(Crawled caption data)
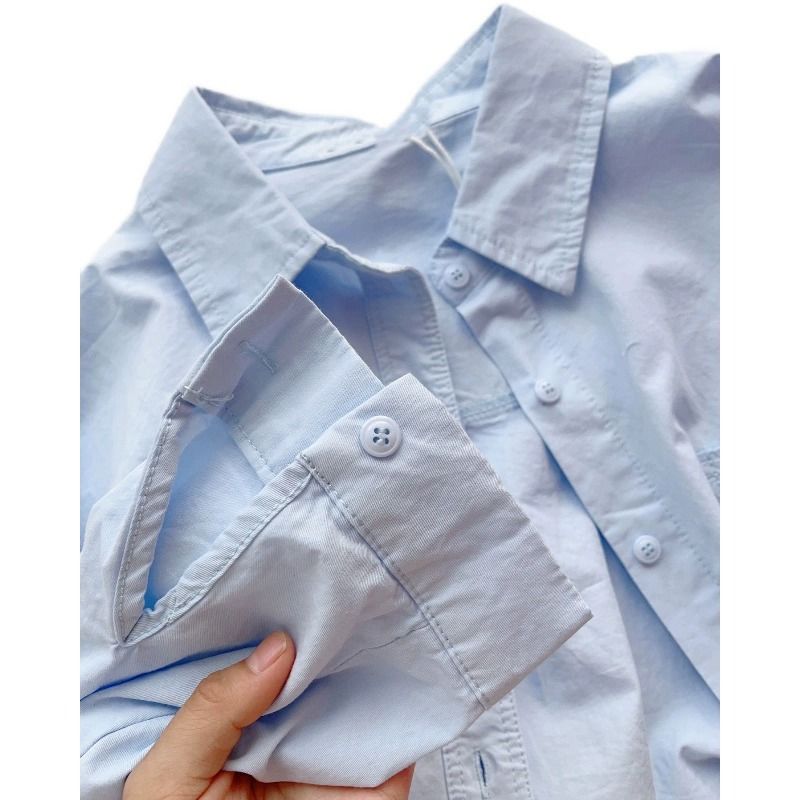 Dopamine is the perfect outfit~cold style design casual loose solid color shirt long sleeve women's autumn style fashion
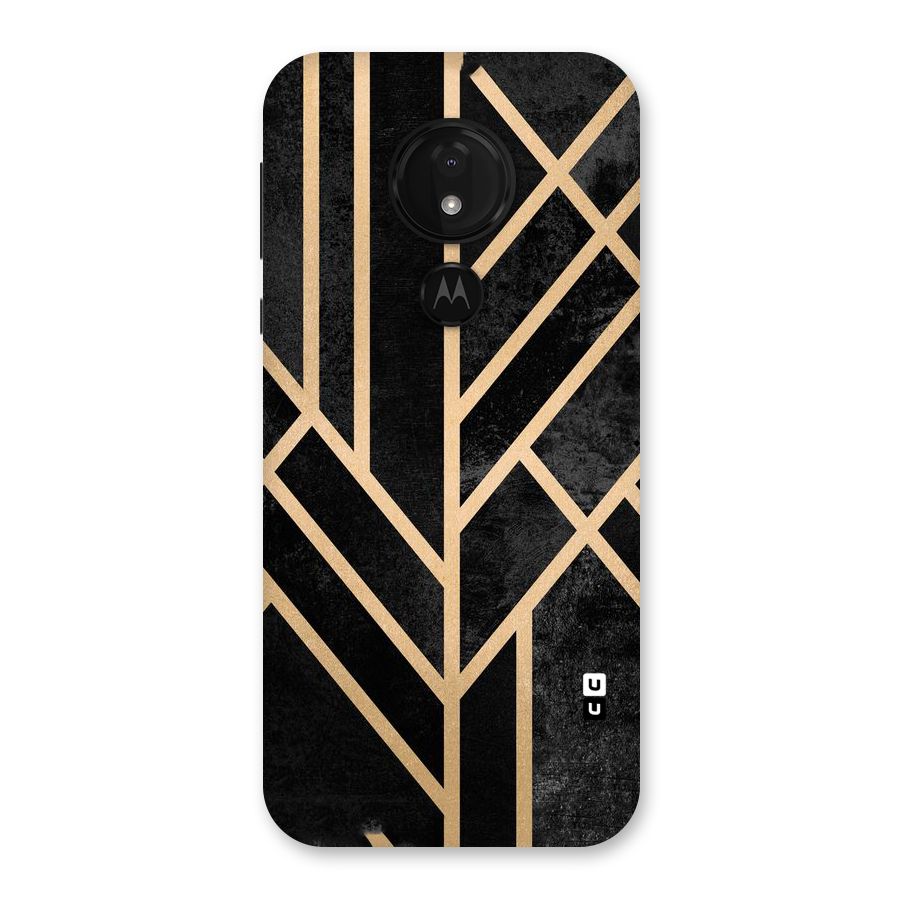 Tri Lines Gold Back Case for Moto G7 Power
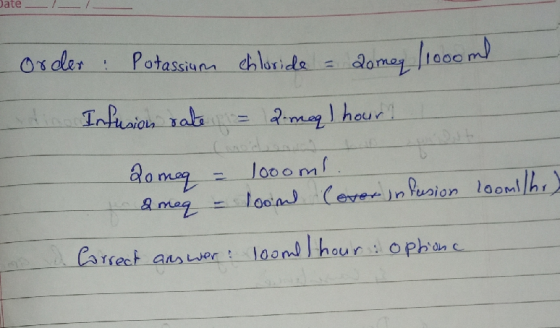 ate_/ otassium ㅡㅡ chlor ide our
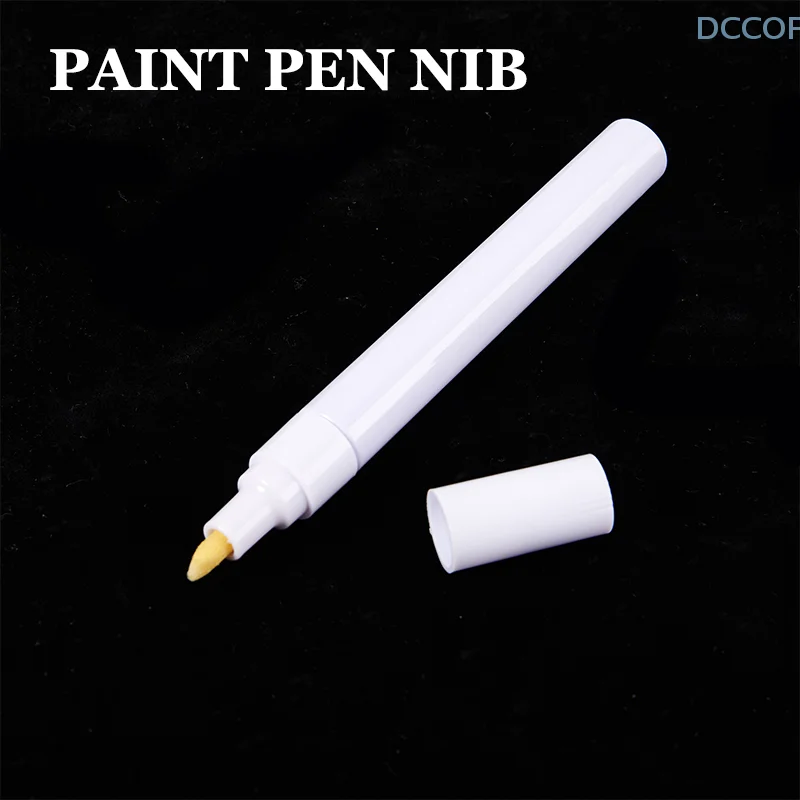 Empty Refillable Pen Blank 3-6Mm Double Head Reversible Nib Paint Pen Fine Nib Marker Aluminum Pipe Paint Pen Accessories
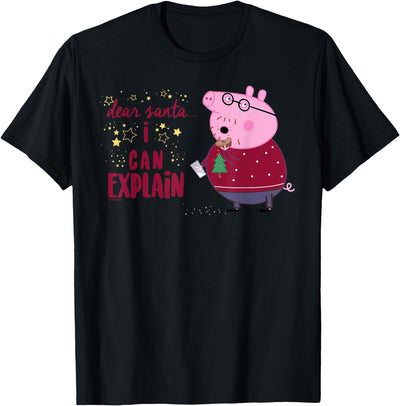 Daddy Pig Dear Santa T-Shirt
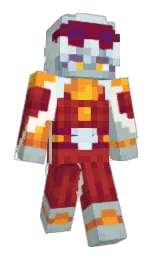 LlamaDramaa's Minecraft skin wearing the Founder's cape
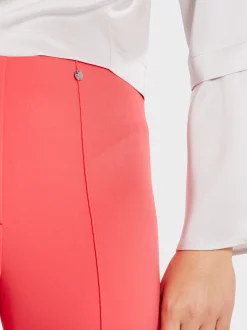 Marc Cain Hosen-HOSE FREDERICA AUS SCUBAJERSEY deep coral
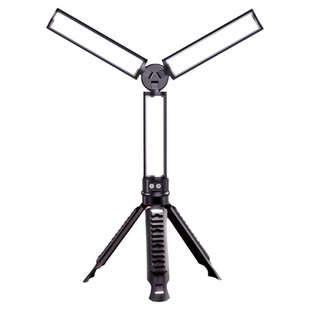 三角补光灯直播补光灯主播专用化妆师拍摄专用便携式面光灯桌面拍照自拍户外补光灯棒折叠充电摄影灯美颜支架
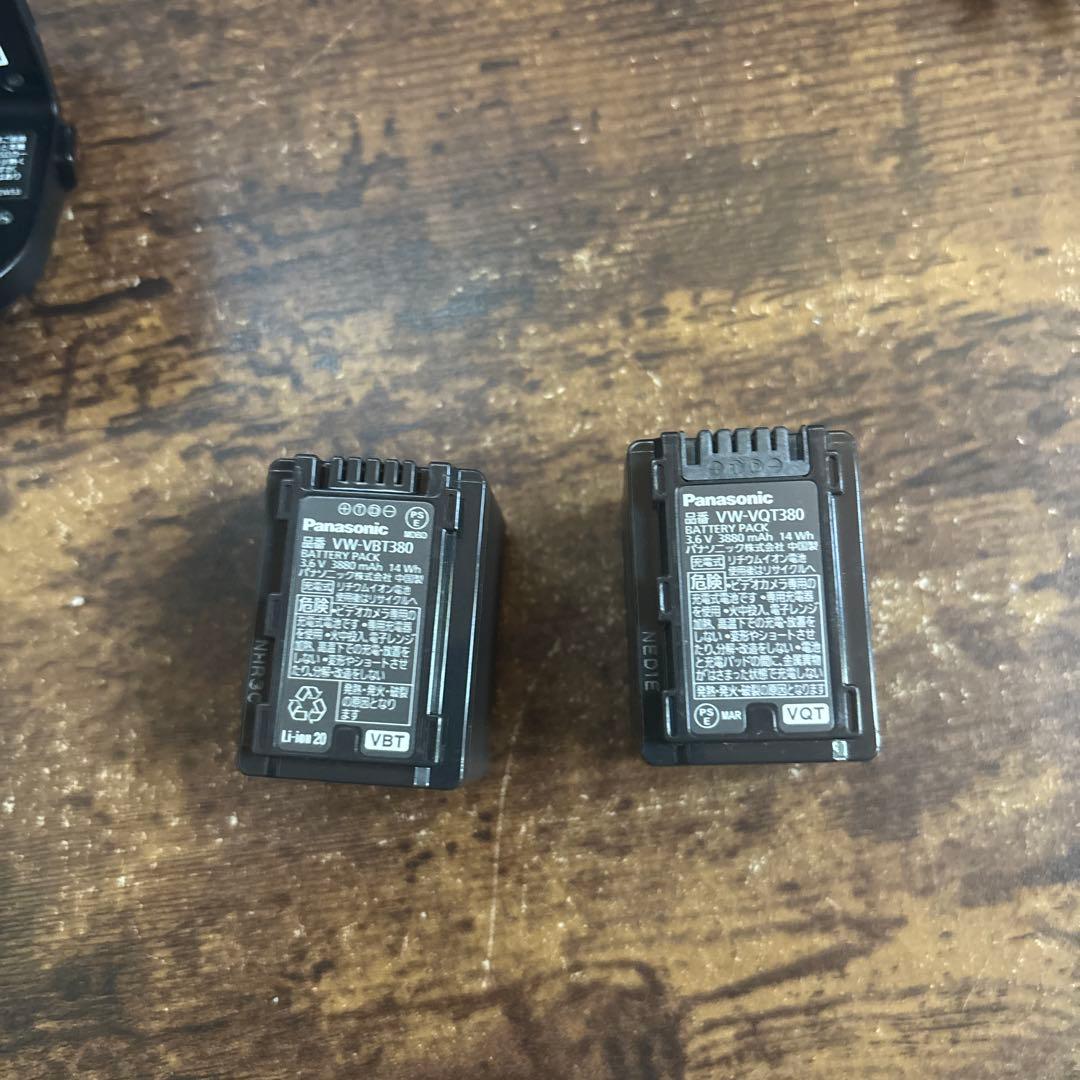 Panasonicデジタル4kビデオカメラHC-WX970M予備バッテリーSD付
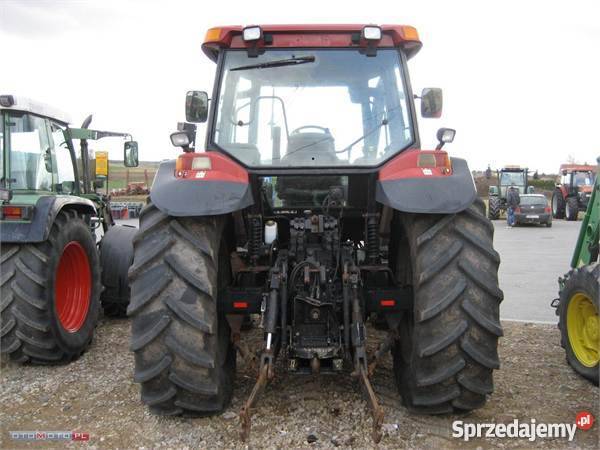 Case IH MXM 140 ciągniki i przyczepy Sokoły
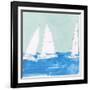 Cool Sail-null-Framed Art Print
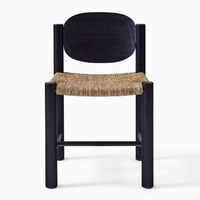 Chaises de salle à manger en bois sélectionné et corde tressée, design moderne léger, idéales pour les parcs et parfaits pour diverses décors intérieurs
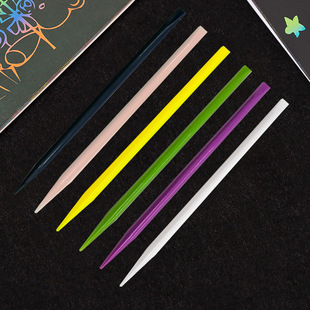 Plastic Kidsren's Scraping Brush, Scraping Pen, Art Painting Supplies, Kidsren's DIY Hand Scraping Stick, Manicure Stick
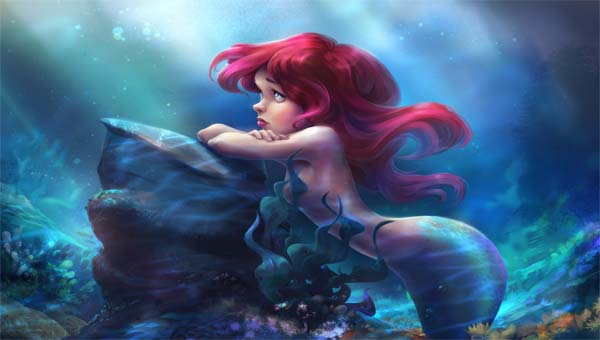 Русалка плачет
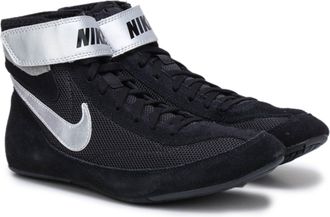 Nike Mens Speed Sweep VII Wrestling Shoes (Black/White/Black, 9 M US)
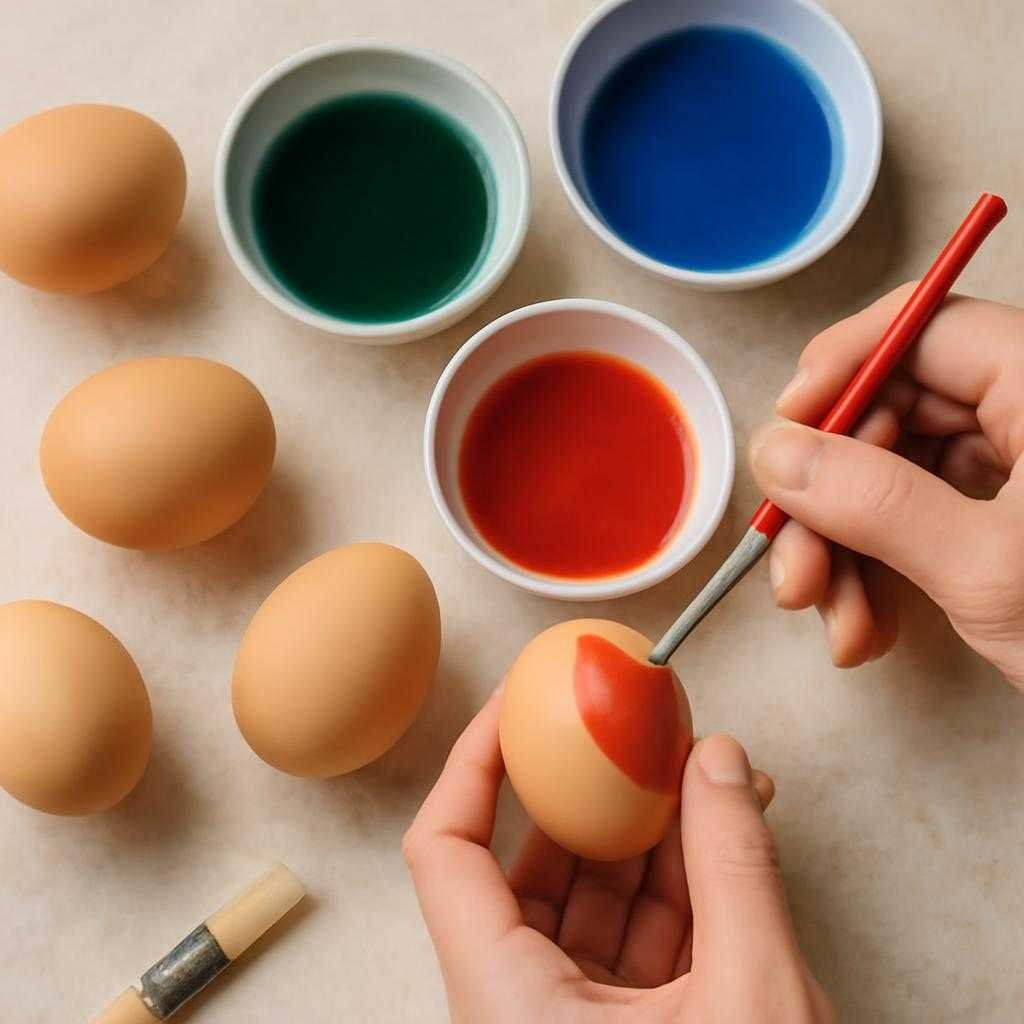 покраска яиц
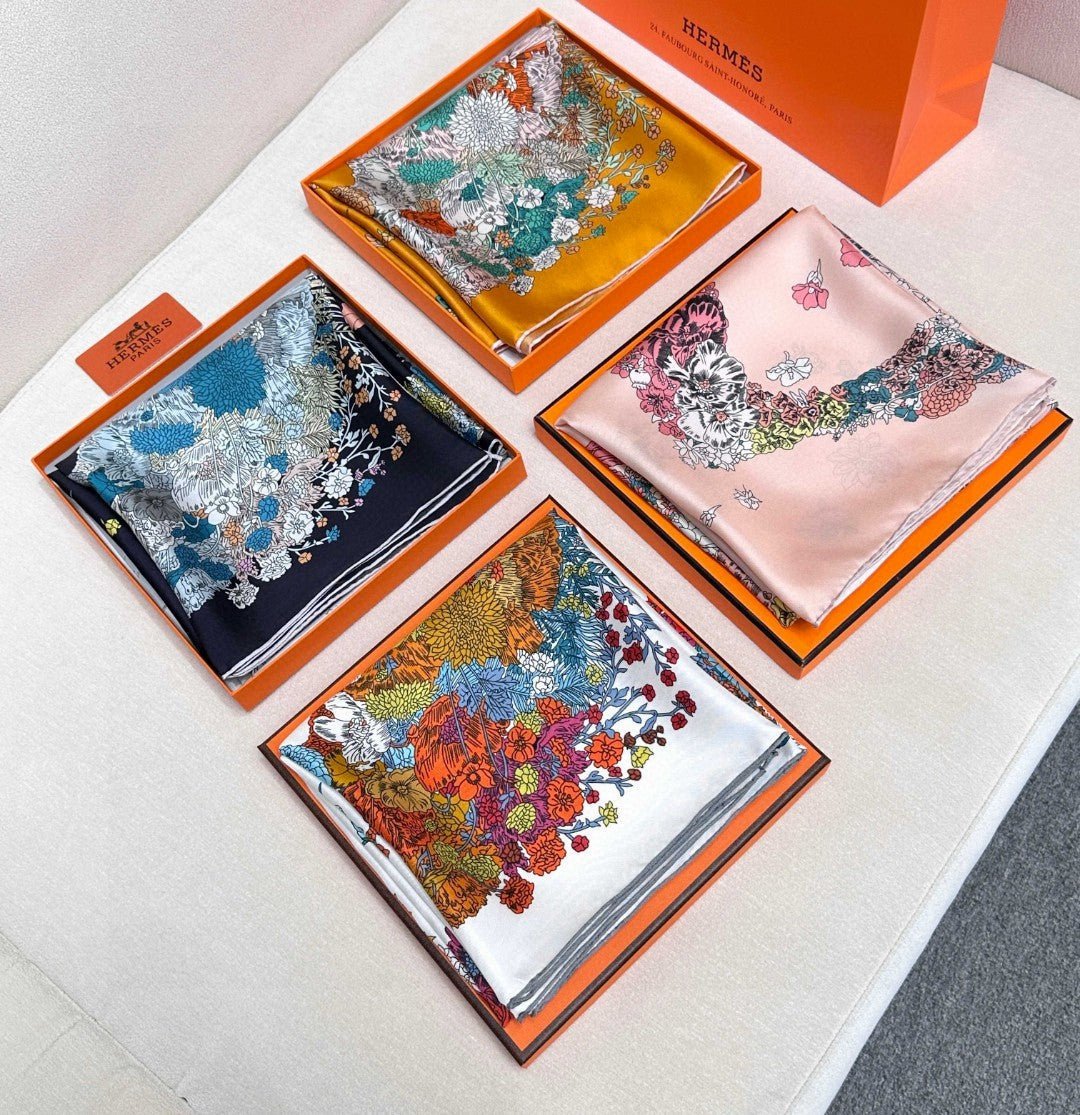 Hermès Cashmere Red Scarf - Image 9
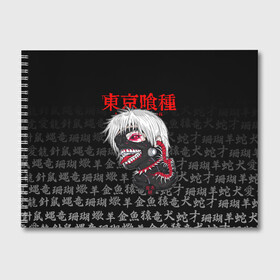 Альбом для рисования с принтом TOKYO GHOUL | ТОКИЙСКИЙ ГУЛЬ в городе Новоалтайск, 100% бумага
 | матовая бумага, плотность 200 мг. | Тематика изображения на принте: anime | heroes | kaneki | kaneki ken | manga | tokyo ghoul | аниме | герои | гули | канеки | канеки кен | кузен йошимура | манга | наки | нишики нишио | ренджи йомо | ризе камиширо | токийский гуль | токио гуль | тоука киришима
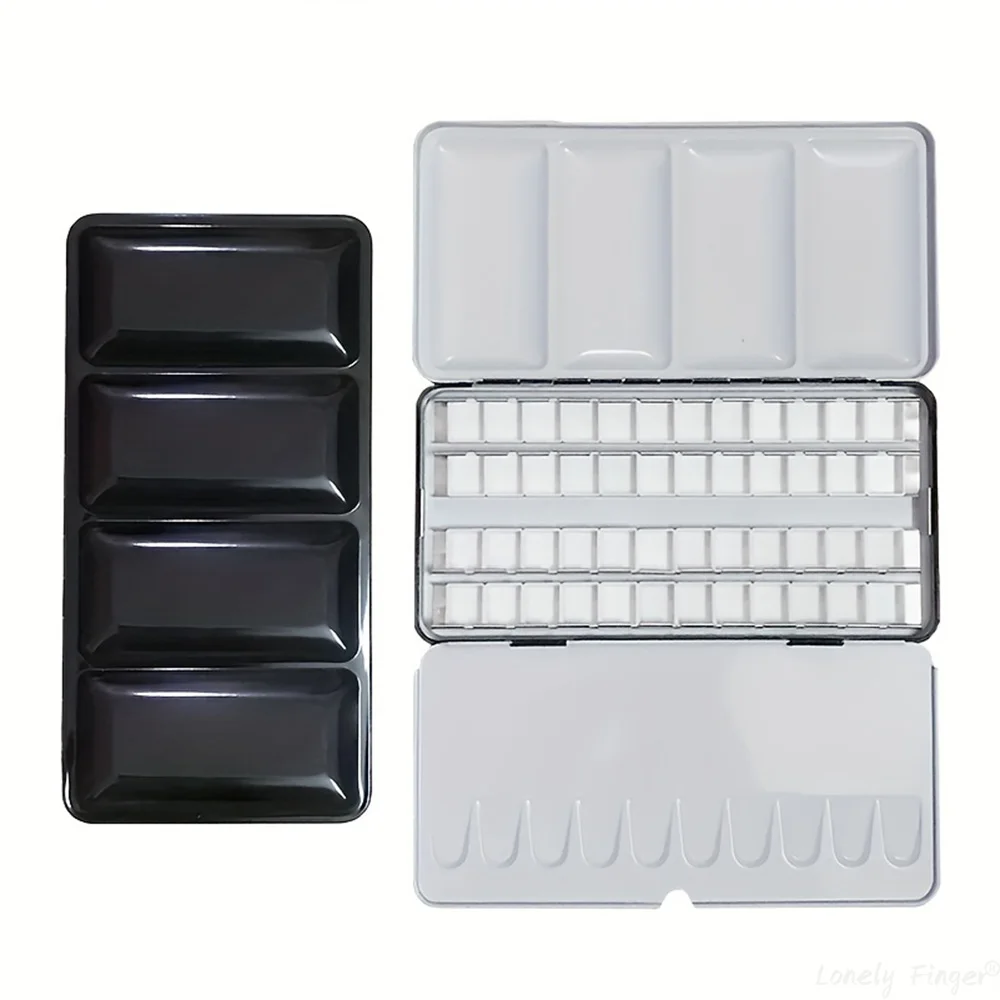 Watercolor Paint Palette and Set Watercolor Tin Box, Metal Palette Paint Case with Lid Empty with Storage Bag for Travel Artist
Watercolor Paint Palette and Set Watercolor Tin Box, Metal Palette Paint Case with Lid Empty with Storage Bag for Travel Artist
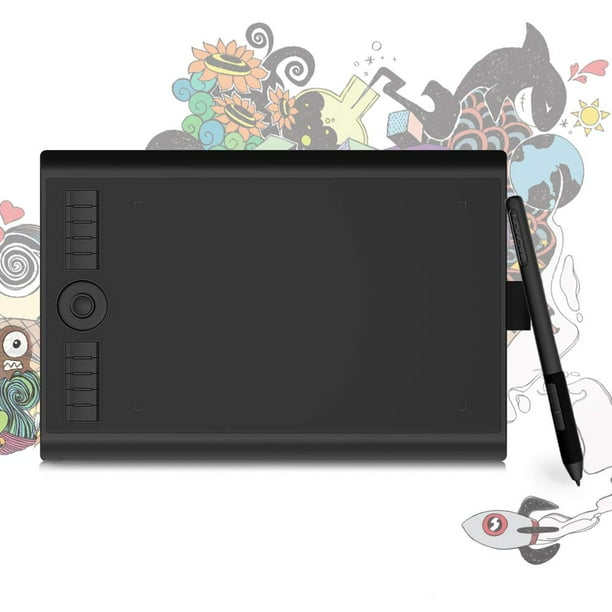 Tableta de dibujo GAOMON M10K PRO Tableta gráfica grande de 25 x 16 cm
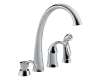 Delta 4380-SD-DST Chrome Single Handle Kitchen Faucet with Spray And Soap Dispenser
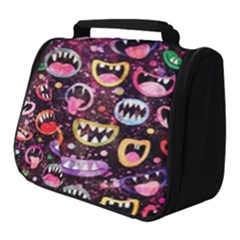 Funny Monster Mouths Full Print Travel Pouch (small) by Salman4z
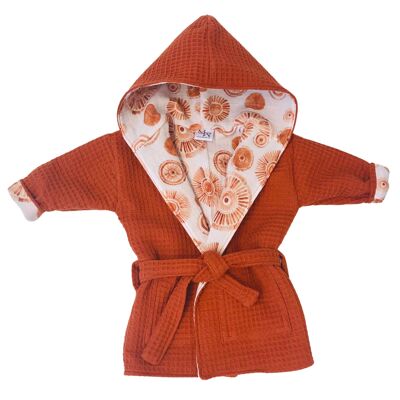 Bathrobe Mandala Brique Size 56-68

What to do –
Would you mind repeating the records above exactly, without the pictures?

Solved exercise –
 Dopamine is the perfect outfit~cold style design casual loose solid color shirt long sleeve women's autumn style fashion
 Tri Lines Gold Back Case for Moto G7 Power
 ate_/ otassium ㅡㅡ chlor ide our
 Empty Refillable Pen Blank 3-6Mm Double Head Reversible Nib Paint Pen Fine Nib Marker Aluminum Pipe Paint Pen Accessories
 Daddy Pig Dear Santa T-Shirt
 LlamaDramaa's Minecraft skin wearing the Founder's cape
 Marc Cain Hosen-HOSE FREDERICA AUS SCUBAJERSEY deep coral
 三角补光灯直播补光灯主播专用化妆师拍摄专用便携式面光灯桌面拍照自拍户外补光灯棒折叠充电摄影灯美颜支架
 Panasonicデジタル4kビデオカメラHC-WX970M予備バッテリーSD付
 Case IH MXM 140 ciągniki i przyczepy Sokoły
 Cool Sail-null-Framed Art Print
 Chaises de salle à manger en bois sélectionné et corde tressée, design moderne léger, idéales pour les parcs et parfaits pour diverses décors intérieurs
 Plastic Kidsren's Scraping Brush, Scraping Pen, Art Painting Supplies, Kidsren's DIY Hand Scraping Stick, Manicure Stick
 Русалка плачет
 Nike Mens Speed Sweep VII Wrestling Shoes (Black/White/Black, 9 M US)
 покраска яиц
 Hermès Cashmere Red Scarf - Image 9
 Альбом для рисования с принтом TOKYO GHOUL | ТОКИЙСКИЙ ГУЛЬ в городе Новоалтайск, 100% бумага
 | матовая бумага, плотность 200 мг. | Тематика изображения на принте: anime | heroes | kaneki | kaneki ken | manga | tokyo ghoul | аниме | герои | гули | канеки | канеки кен | кузен йошимура | манга | наки | нишики нишио | ренджи йомо | ризе камиширо | токийский гуль | токио гуль | тоука киришима
 Watercolor Paint Palette and Set Watercolor Tin Box, Metal Palette Paint Case with Lid Empty with Storage Bag for Travel Artist
Watercolor Paint Palette and Set Watercolor Tin Box, Metal Palette Paint Case with Lid Empty with Storage Bag for Travel Artist
 Tableta de dibujo GAOMON M10K PRO Tableta gráfica grande de 25 x 16 cm
 Delta 4380-SD-DST Chrome Single Handle Kitchen Faucet with Spray And Soap Dispenser
 Funny Monster Mouths Full Print Travel Pouch (small) by Salman4z
 Bathrobe Mandala Brique Size 56-68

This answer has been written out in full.